WHy do i always end up with idiots? i never asked for perfection, just the feeling like a could be in a relationship. I was in for all the right reasons, i don't want to hate at all, i don't want to put you in a box and get angry. But the more i think, the more aggravated i get. Here i am, in it for all the right reasons and ready to try to love again. But then, i just get trambled on again, thank god i didn't put myself totally into it. I don't know why i didn't...... probably because i'm still scared from the last fool. Scared of being hurt again, being lied to and mistreated again.

All in vain, what you did... i should have never ventured in, but i did. Thinking it would be ok, but i guess not. I thought you were ready, i was , but you weren't. I gues syou're just to ignorant to see it, just too mentally wrapped. Me, just fucking begging for you to at least pay some goddamned attention to me. To just talk to me, tell me what is going on in your head, but no.
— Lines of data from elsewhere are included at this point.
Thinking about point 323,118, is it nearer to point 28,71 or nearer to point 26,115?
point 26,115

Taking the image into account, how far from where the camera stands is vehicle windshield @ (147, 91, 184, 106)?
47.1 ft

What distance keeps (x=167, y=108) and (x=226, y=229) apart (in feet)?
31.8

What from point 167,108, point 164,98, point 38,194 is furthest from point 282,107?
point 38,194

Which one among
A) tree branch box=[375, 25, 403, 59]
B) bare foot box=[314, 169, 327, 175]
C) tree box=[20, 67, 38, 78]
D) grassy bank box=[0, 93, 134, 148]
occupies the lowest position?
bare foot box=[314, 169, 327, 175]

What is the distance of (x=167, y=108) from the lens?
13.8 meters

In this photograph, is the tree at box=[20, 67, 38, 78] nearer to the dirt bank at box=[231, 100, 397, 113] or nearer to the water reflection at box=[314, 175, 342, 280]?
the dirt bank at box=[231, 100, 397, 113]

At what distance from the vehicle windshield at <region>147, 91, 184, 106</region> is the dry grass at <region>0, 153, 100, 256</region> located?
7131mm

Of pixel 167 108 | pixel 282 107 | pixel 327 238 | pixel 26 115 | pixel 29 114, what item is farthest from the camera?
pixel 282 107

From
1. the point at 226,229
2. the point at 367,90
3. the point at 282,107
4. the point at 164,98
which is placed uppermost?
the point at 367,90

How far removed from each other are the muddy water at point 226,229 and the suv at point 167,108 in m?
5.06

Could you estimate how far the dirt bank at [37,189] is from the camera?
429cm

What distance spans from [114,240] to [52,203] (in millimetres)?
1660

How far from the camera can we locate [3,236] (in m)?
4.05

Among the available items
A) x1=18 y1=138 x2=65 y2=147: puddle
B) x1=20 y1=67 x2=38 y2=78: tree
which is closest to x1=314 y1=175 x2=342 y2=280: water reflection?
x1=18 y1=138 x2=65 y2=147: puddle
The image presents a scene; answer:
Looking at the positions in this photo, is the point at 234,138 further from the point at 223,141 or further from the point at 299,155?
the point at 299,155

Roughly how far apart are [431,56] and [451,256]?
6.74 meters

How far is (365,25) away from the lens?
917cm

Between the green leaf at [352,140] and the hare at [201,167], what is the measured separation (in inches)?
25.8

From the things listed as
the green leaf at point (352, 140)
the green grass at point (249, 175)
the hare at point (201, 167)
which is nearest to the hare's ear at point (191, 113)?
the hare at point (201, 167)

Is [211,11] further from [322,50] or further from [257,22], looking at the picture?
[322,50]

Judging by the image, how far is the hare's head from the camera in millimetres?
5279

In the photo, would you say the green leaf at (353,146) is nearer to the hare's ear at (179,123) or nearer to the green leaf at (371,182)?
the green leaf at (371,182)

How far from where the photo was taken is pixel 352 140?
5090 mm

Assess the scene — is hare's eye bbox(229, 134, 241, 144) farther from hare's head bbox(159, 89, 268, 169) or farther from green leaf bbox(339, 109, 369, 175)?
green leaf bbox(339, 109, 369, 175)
You say nothing to me at all, what am i supposed to feel? you ignore me and i'm your so-called girlfriend. WHat the hell? what the hell am i to you?? if i had invested more feeling into it i would have been a real wreck. But thankfully i didn't.

YEs thank you stupid boys, look what you've done to me.

My next romantic adventure turns out to be a freaking disaster. Just when i thought i could make a fresh start, a new beginning, it just turns out horribly. It had the potential to be great! i liked you so much! i wanted to be with you.... but you didn't. WHY? You disappointed me so much...... You just let it ll fall apart, i was there for you... but you never aknowldeged it or me.

You're right, i don't fucking deserve you. I don't understand why you had to do it. Did you forget that i existed? Ignoring me is hurtful, it's as if i;m not alive to you! WHY?? soooo aggravating... and then there is HER. I don't know what wierd connection the two of you had...... whatever it is, i guess i don't have it with you. What is it? whatis special about that girl? what does she have that i don't? Right now, i don't care about you or her. You can do what the hell you want with her. It was so tirring to be possessive over you, i've never been made to feel like i had to be suspicious and wander if she was spending time with you again. Was she ever there for you like i was? i don't know, maybe she was. She broke up with you and you still will always like her. I don't understand why. Right now you can spend as much time as you want with her.

I liked you so much a friend, now things have changed. It disappoints me you had to be like that, think how it wcould have been. I was ready and there, you weren't.